Plusieurs sondages ont en effet confirmé le phénomène au cours de la campagne électorale : dans certains pays d’Afrique de l’Ouest et d’Afrique centrale, près de la moitié des personnes interrogées se disaient favorables à un retour de Trump à la Maison Blanche. Une réalité étourdissante, au regard du spectacle que déroulait alors le candidat à la Maison Blanche lors de ses meetings. Comment expliquer un tel engouement pour un homme dont la campagne fut un véritable festival de mensonges, de falsifications et manipulations de la réalité, et une performance de production de fake-news débités avec un aplomb sidérant ? Spectacle parfois hallucinant d’un clown sinistre et dangereux maniant, aux confins de la jouissance, les invectives, les insultes, les outrances et un racisme décomplexé… 

Accusant les immigrés haïtiens de « manger les chats et les chiens » de ses braves compatriotes, il a dit et répété que les immigrés, outre d’être tous des meurtriers, « importent de mauvais gènes » aux Etats-Unis. Donald Trump aura surfé durant toute sa campagne sur les ténébreux dividendes du suprémacisme blanc. Expert désormais incontesté de la manipulation cognitive – au moyen de vérités alternatives et d’hyperboles véridiques -, il est parvenu, malgré cette horreur électorale, à conquérir des électeurs au-delà de son seul camp. Ainsi a-t-il même pu obtenir les suffrages d’électeurs parmi les cibles désignées de ses outrances. Extase de l’artiste… 

Syndrome de l’homme fort et providentiel

Au cours de cette campagne électorale, un Américain interrogé sur deux estimait que « le risque est réel de voir Donald Trump se transformer en dictateur en cas de victoire » ... Et son ancien chef de cabinet à la Maison Blanche, le général John Kelly, a cru bon rappeler que « Trump a le profil d’un fasciste qui pourrait gouverner comme un dictateur s’il était élu ». Quel est donc l’objet de la passion avouée de nombre d’Africains pour cet homme ? Déjà en 2020, la romancière nigériane Adaobi TriciaNwaubani expliquait à propos de la montée d’un courant d’opinion pro-Trump dans son pays : « Les gens admirent son image d'homme fort, et son franc-parler est divertissant. Pour les Américains, il est drôle et bizarre. Nous, nous sommes habitués aux dirigeants qui parlent sans retenue, qui sont verbalement agressifs quand cela leur chante. Dans ce sens, il ne nous paraît pas aussi étrange que dans la perception d'un citoyen américain. » Trump correspondrait donc à une certaine vision de la politique chez des Africains ? Syndrome de l’homme fort et providentiel, refus des « normes » existantes, attrait du chaos… Le phénomène est d’autant plus notable aujourd’hui que, dans certaines contrées du continent, la défiance à l’égard du système démocratique stimule les revendications de « ruptures » sur fond de nationalisme et de tentations autoritaires. En ce sens, le narratif populiste de Trump produit comme un effet-miroir au sein de certaines opinions. 

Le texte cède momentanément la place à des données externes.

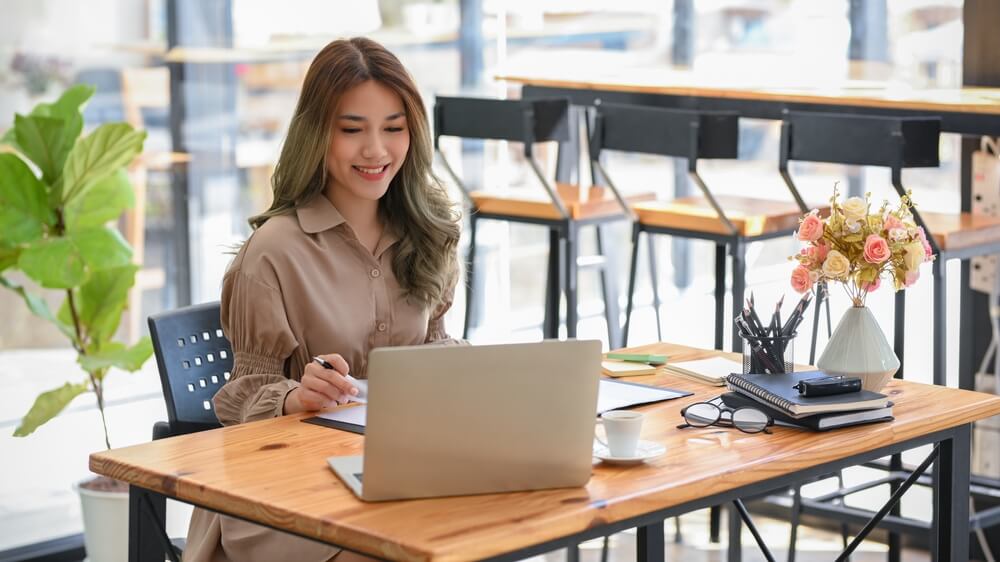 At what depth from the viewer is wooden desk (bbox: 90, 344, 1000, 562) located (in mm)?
1710

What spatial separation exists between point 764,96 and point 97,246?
1.88 meters

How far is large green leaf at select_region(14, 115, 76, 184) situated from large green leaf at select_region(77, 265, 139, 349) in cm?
27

Dans la région du Sahel où des régimes militaires, issus de putschs, appuient leur pouvoir sur des discours prétendument souverainistes, de nouveaux cercles de partisans de Trump ont émergé au cours des derniers mois. Un schéma de perception se dessine, associant Trump, Poutine et les dirigeants putschistes de l’Alliance des Etats du Sahel (AES) – alliés de la Russie - dans un même « front du refus » d’un indiscernable « système » voué aux gémonies. Au fond, au regard de ces combinaisons à tout le moins surprenantes, on pourrait constater que l’Afrique n’est pas en marge d’un monde travaillé par des courants a-démocratiques, une violence inédite de la pensée, de sombres aspirations à l’autoritarisme et d’aventureux désirs de rupture avec tout ordre préexistant. Une euphorisante danse avec le hasard, doublée d’un trouble désir de saut vers l’inconnu…

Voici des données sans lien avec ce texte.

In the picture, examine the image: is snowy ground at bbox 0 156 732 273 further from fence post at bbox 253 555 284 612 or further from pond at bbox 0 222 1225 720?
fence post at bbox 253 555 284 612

L’Amérique, partenaire d’importance moyenne

Cela étant, quel sera l’impact du nouveau mandat de Donald Trump sur les relations de son pays avec l’Afrique ? Seront-elles différentes de ce qu’elles furent lors de son premier séjour à la Maison Blanche ? Difficile de le penser, quand l’on sait que le continent se résume, chez le personnage, en une lointaine abstraction. Toutefois, même si la Chine, la Russie, l’Ukraine, le Proche et le Moyen-Orient constitueront le centre de gravité de sa politique étrangère, il lui sera difficile de sous-estimer les objectifs géostratégiques des États-Unis en cours sur le continent. En cela, il sera intéressant d’observer l’attitude de son administration vis-à-vis de l’offensive russe en Afrique, compte tenu de sa proximité ambiguë avec son homologue du Kremlin. 

Plus généralement, malgré le mépris affiché autrefois par Trump vis-à-vis des pays d’Afrique, ses conseillers diplomatiques, et les responsables du Pentagone notamment, devraient lui rappeler l’urgence à maintenir les lignes de force de la politique africaine des Etats-Unis, spécifiquement dans le domaine sécuritaire. Il faut dire qu’avec la présence sur le continent de diverses puissances telles que la Chine, la Russie, l’Inde, l’Europe, le Brésil, la Turquie ou encore le Japon, aucun dirigeant américain ne saurait soustraire son pays de cette configuration concurrentielle. Alors que l’Amérique n’a jamais considéré l’Afrique comme une pièce primordiale de sa politique d’influence, elle est tout autant devenue, aujourd’hui, une partenaire d’importancemoyenne pour les pays africains. Ce 9 novembre, l’ancien Premier ministre kényan Raila Odinga, candidat à la présidence de la Commission de l’Union africaine, déclarait à propos de l’élection américaine : « Si Donald Trump veut travailler en tant qu'ami de l'Afrique, nous lui souhaitons la bienvenue. S'il ne veut pas travailler avec l'Afrique, l'Afrique a d'autres amis. ». Un ajustement, aussi pertinent qu’utile, du positionnement du continent à l’égard des Etats-Unis d’Amérique… Avec ou sans Trump.